===== Records for this task

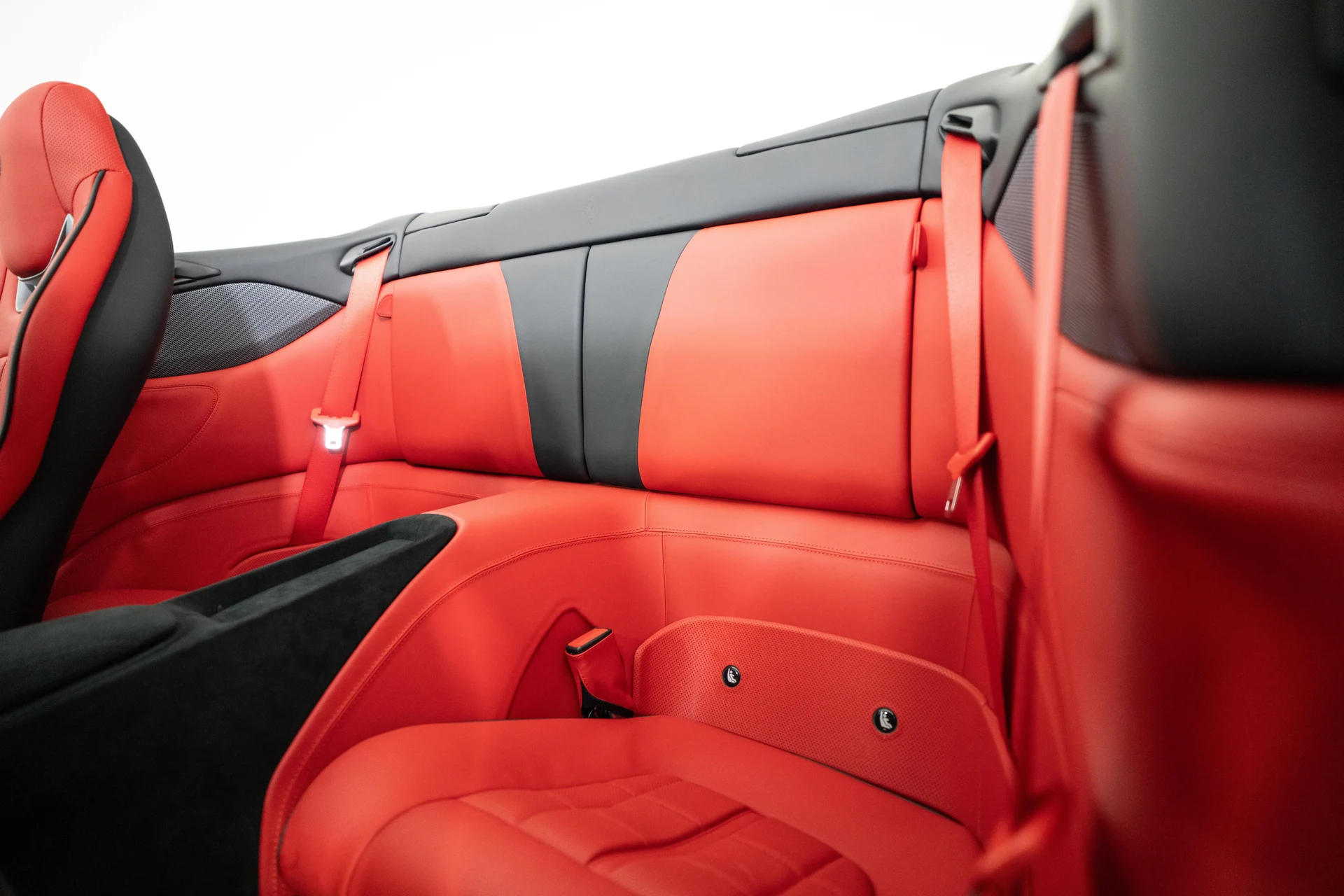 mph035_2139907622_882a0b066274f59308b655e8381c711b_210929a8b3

==========
===== Records for this task

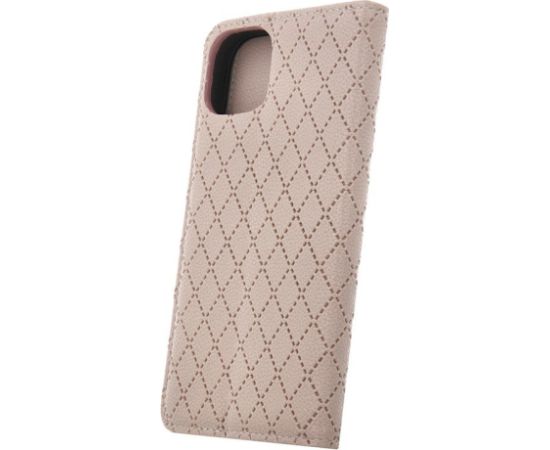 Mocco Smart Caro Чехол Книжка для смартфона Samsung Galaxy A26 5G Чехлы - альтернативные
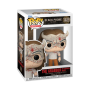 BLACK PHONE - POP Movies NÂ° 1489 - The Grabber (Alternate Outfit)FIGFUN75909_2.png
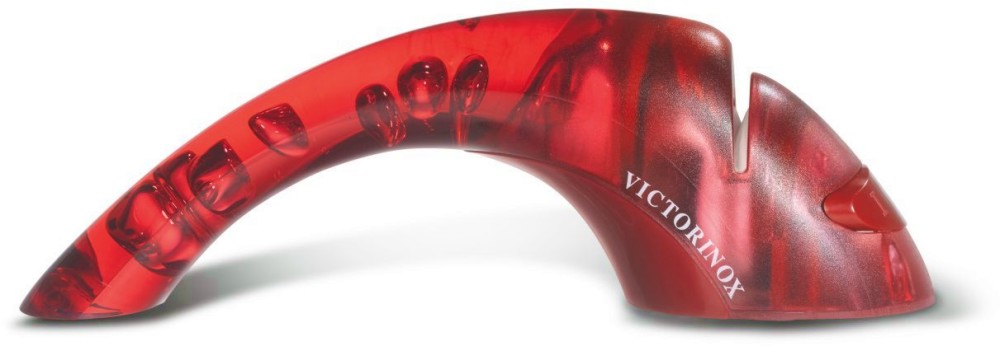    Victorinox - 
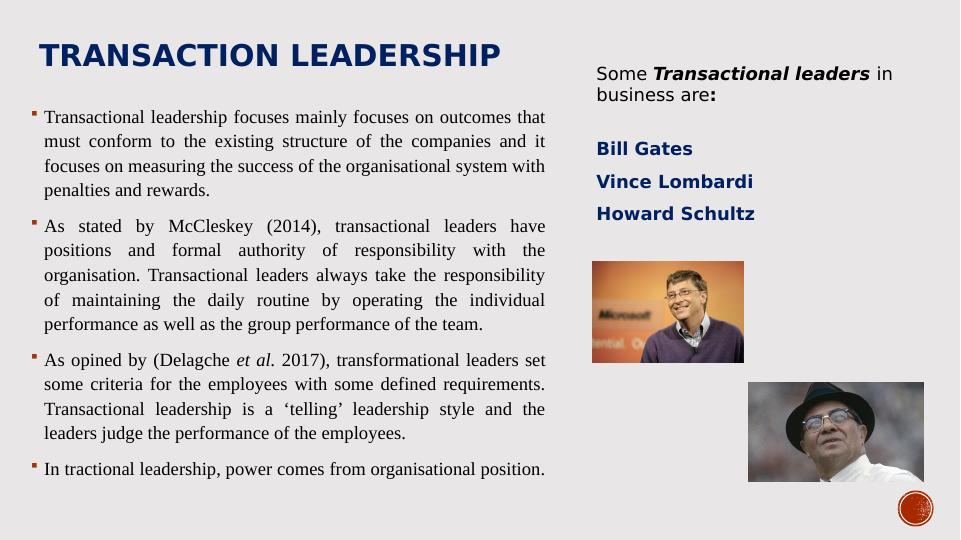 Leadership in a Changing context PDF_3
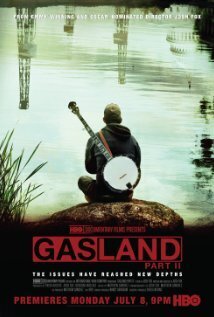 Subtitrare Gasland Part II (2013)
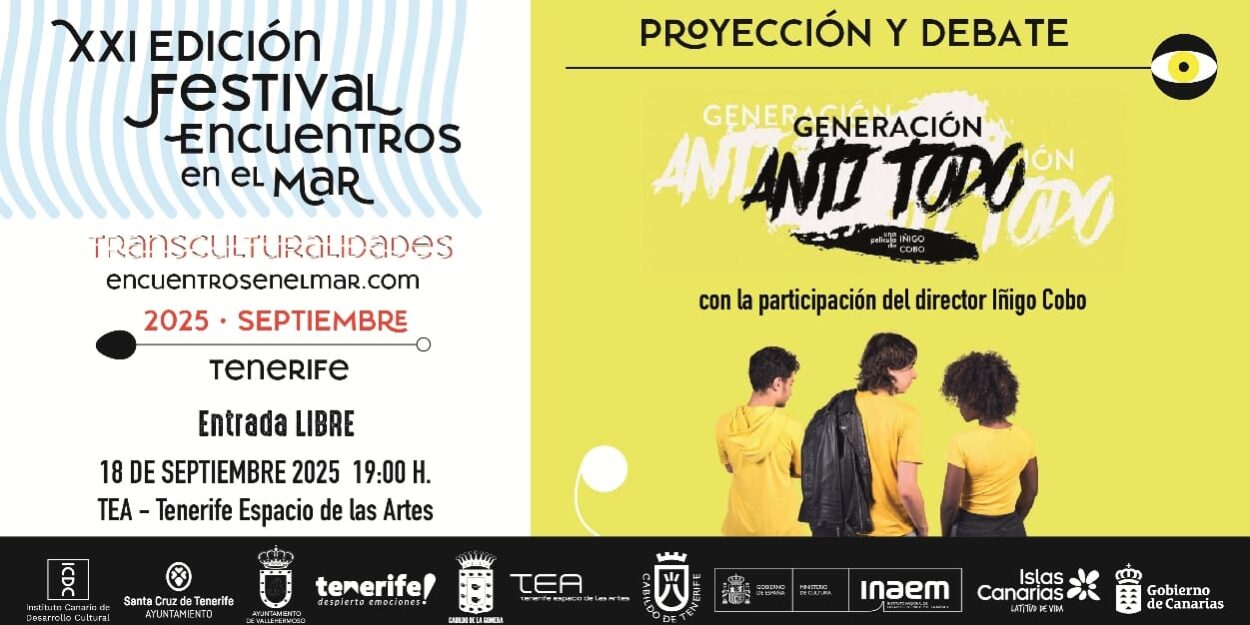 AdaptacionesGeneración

==========

Only the lines of the listing above from the one with "Mocco Smart Caro" through the one with "AdaptacionesGeneración" should be output, exactly, with both ends kept and pictures left out.

Task output –
 Mocco Smart Caro Чехол Книжка для смартфона Samsung Galaxy A26 5G Чехлы - альтернативные
 BLACK PHONE - POP Movies NÂ° 1489 - The Grabber (Alternate Outfit)FIGFUN75909_2.png
    Victorinox - 
 Leadership in a Changing context PDF_3
 Subtitrare Gasland Part II (2013)
 AdaptacionesGeneración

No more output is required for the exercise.